Mr. Putin has suggested that the United States and Russia work jointly on booster stage interception of rogue ballistic missile launches. However, Mr. Clinton rejected this proposal, saying that it would produce results only 10 years from now, and that may be too late to counter the existing threat. Like good bureaucrats everywhere who are not ready to make a decision, the two presidents finally ordered a new report on missile defense to be drafted by their ministers of foreign affairs and selected experts, but they did not announce its deadline for completion.

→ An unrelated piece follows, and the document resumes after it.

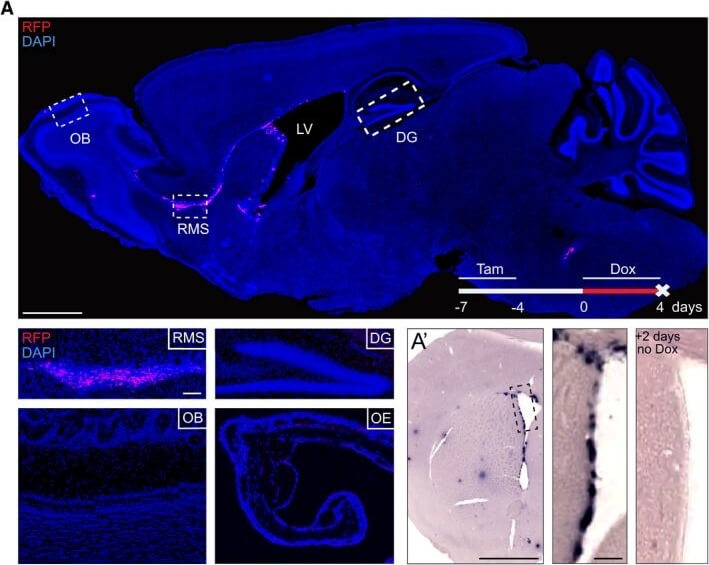 Immunohistochemistry of Anti-RFP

On the economic front, Mr. Clinton was misleadingly positive. He signaled that he will support a resumption of Russia's borrowing from the International Monetary Fund and the World Bank. This commitment has been made on the strength of an economic program which the Russian Cabinet has not yet adopted, and which may require parliamentary legislation that is far from certain to pass.

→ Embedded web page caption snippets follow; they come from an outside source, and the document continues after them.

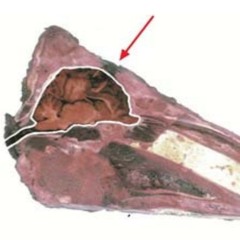 detoxification mudra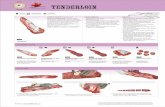 Tenderloin - Canadian Beef · Psoas major, Psoas minor, Iliacus. A deposit . of fat near the head of the tender loin is known as wedge fat. The small ribbon of meat and. connective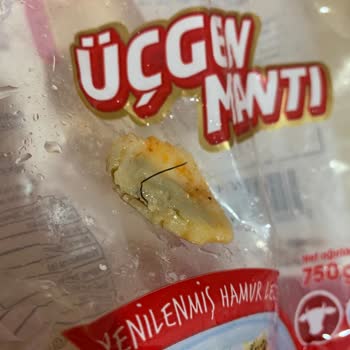 Kemal Usta Mantısında Tel Çıktı: Ağızda Yaran Güvenlik Sorunu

The Russian approach appears promising, but it is insufficient. Russia may go for a flat 13 percent income tax, but the high rates of the value-added tax (VAT) and social safety net taxes, coupled with corrupt and inefficient revenue service will still make Russia one of the most economically oppressive countries on the planet. Court reforms and introduction of private property on agricultural land are stalled. New credits are also ill-advised because even the Russian Central Bank and the Fund have admitted that prior aid was partially embezzled, and no progress has been achieved in investigating these abuses.

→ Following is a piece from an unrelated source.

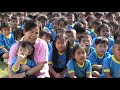 Down syndrome:&nbsp;Down  Syndrome: Que Sera, Sera by Thai Nursery school children
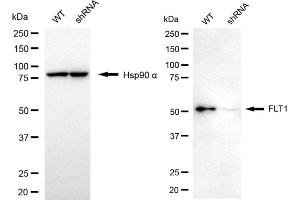 Western blotting analysis using FLT1 antibody (ABIN7798636). (FLT1 anticorps)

Probably the most important part of Mr. Clinton's visit to Moscow was sending Mr. Putin a strong warning on democracy and human rights. He announced that the United States places high importance on protecting religious freedom and the rights of the independent media. "I strongly agree with what President Putin himself has said, that Russia has no future if it suppresses civic freedoms and the press," Mr. Clinton pointedly said in a press conference. This warning is particularly relevant in view of the recently attempted kidnapping of Andrey Babitsky, a war correspondent for the U.S.-funded Radio Liberty, by the Russian secret police that Mr. Putin headed prior to his ascendance to higher office. It is also symbolic in view of the May 11 secret police raid against Media-MOST, an opposition print and electronic media concern. Mr. Clinton appeared on Media-MOST's Echo Moskvy radio and NTV television channel while in Moscow, while Mrs. Albright met with the Radio Liberty staff.

Mr. Putin, a pragmatist, seems to understand full well the current weakness of Russia's military might and economic muscle. He abandoned the sometimes-confrontational rhetoric of his predecessors, Boris Yeltsin and Yvgeny Primakov. At the press conference with Mr. Clinton, he promised that the worst in U.S.-Russian relations is in "the distant past" and that under no circumstances would Russia resume confrontation with the United States. This is definitely a statement of good intentions by Mr. Putin, but did Bill Clinton need to travel all the way to Moscow to hear it?

Ariel Cohen is a research fellow in Russian and Eurasian Studies at the Heritage Foundation.